[Data to examine]

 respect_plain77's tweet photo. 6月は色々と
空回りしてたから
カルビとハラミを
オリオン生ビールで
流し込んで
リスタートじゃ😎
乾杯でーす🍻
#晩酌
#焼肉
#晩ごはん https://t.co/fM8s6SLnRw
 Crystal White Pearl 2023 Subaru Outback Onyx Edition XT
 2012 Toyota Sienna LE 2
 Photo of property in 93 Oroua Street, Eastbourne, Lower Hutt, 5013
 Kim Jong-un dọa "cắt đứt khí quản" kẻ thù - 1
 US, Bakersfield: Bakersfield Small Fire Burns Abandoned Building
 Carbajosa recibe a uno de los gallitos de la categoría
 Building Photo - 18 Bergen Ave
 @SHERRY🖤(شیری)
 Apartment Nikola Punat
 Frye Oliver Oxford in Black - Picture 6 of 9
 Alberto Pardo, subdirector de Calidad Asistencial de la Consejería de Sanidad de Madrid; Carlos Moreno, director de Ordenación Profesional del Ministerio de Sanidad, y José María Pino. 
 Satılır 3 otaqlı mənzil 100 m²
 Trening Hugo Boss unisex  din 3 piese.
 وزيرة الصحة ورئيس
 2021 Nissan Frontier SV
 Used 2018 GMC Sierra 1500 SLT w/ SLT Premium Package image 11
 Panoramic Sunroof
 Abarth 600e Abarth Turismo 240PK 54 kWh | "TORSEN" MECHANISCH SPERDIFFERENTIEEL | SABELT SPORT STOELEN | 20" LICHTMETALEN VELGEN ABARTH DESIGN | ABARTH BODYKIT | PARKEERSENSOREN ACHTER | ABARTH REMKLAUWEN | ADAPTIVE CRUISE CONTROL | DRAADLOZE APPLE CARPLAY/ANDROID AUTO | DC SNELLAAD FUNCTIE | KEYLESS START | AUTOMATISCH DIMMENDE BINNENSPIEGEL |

[Your goal]
Everything in the listing should be transcribed exactly.

[Completed exercise]
 respect_plain77's tweet photo. 6月は色々と
空回りしてたから
カルビとハラミを
オリオン生ビールで
流し込んで
リスタートじゃ😎
乾杯でーす🍻
#晩酌
#焼肉
#晩ごはん https://t.co/fM8s6SLnRw
 Crystal White Pearl 2023 Subaru Outback Onyx Edition XT
 2012 Toyota Sienna LE 2
 Photo of property in 93 Oroua Street, Eastbourne, Lower Hutt, 5013
 Kim Jong-un dọa "cắt đứt khí quản" kẻ thù - 1
 US, Bakersfield: Bakersfield Small Fire Burns Abandoned Building
 Carbajosa recibe a uno de los gallitos de la categoría
 Building Photo - 18 Bergen Ave
 @SHERRY🖤(شیری)
 Apartment Nikola Punat
 Frye Oliver Oxford in Black - Picture 6 of 9
 Alberto Pardo, subdirector de Calidad Asistencial de la Consejería de Sanidad de Madrid; Carlos Moreno, director de Ordenación Profesional del Ministerio de Sanidad, y José María Pino. 
 Satılır 3 otaqlı mənzil 100 m²
 Trening Hugo Boss unisex  din 3 piese.
 وزيرة الصحة ورئيس
 2021 Nissan Frontier SV
 Used 2018 GMC Sierra 1500 SLT w/ SLT Premium Package image 11
 Panoramic Sunroof
 Abarth 600e Abarth Turismo 240PK 54 kWh | "TORSEN" MECHANISCH SPERDIFFERENTIEEL | SABELT SPORT STOELEN | 20" LICHTMETALEN VELGEN ABARTH DESIGN | ABARTH BODYKIT | PARKEERSENSOREN ACHTER | ABARTH REMKLAUWEN | ADAPTIVE CRUISE CONTROL | DRAADLOZE APPLE CARPLAY/ANDROID AUTO | DC SNELLAAD FUNCTIE | KEYLESS START | AUTOMATISCH DIMMENDE BINNENSPIEGEL |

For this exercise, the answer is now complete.